(DATA TO PROCESS)

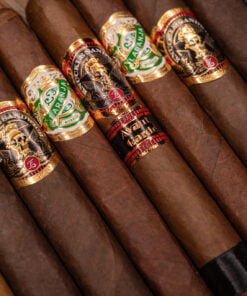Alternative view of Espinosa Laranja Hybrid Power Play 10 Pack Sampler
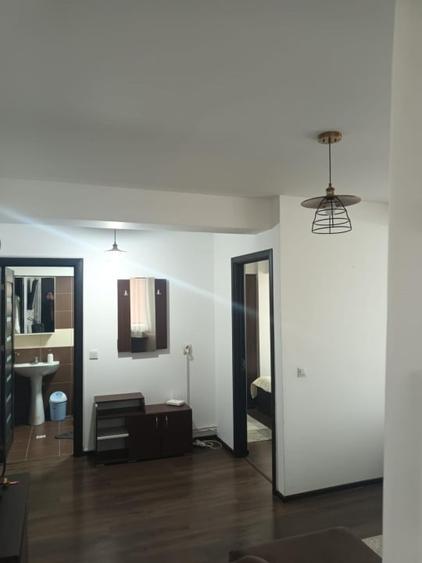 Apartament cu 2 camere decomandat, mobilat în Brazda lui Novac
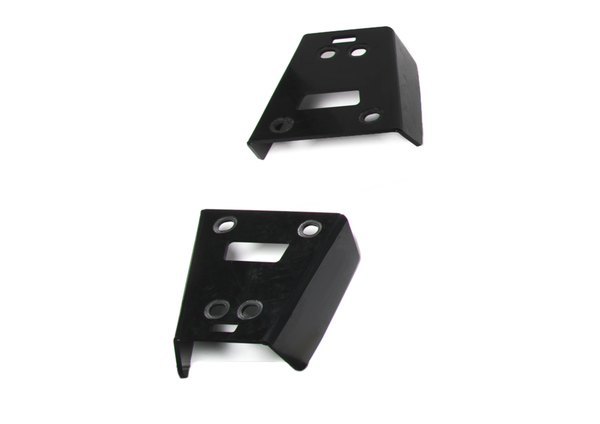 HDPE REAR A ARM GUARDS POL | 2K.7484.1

(End DATA TO PROCESS)
(DATA TO PROCESS)

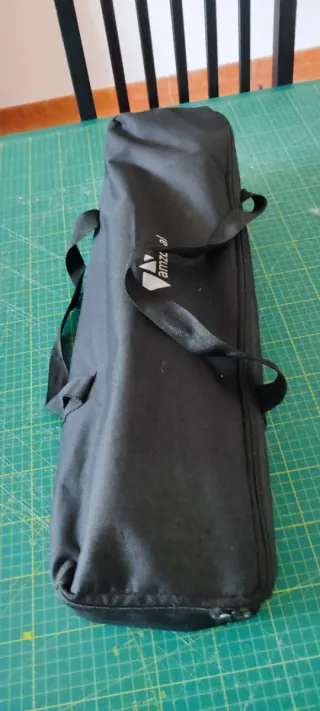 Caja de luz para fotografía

(End DATA TO PROCESS)
(DATA TO PROCESS)

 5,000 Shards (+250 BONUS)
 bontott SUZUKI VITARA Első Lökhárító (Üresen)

(End DATA TO PROCESS)

#### ACTIVITY
Return the material from the line containing "Alternative view of" through the line containing "HDPE REAR A ARM GUARDS POL | 2K.7484.1", exactly and in full, but without its pictures.

#### YOUR SOLUTION
Alternative view of Espinosa Laranja Hybrid Power Play 10 Pack Sampler
 Apartament cu 2 camere decomandat, mobilat în Brazda lui Novac
 HDPE REAR A ARM GUARDS POL | 2K.7484.1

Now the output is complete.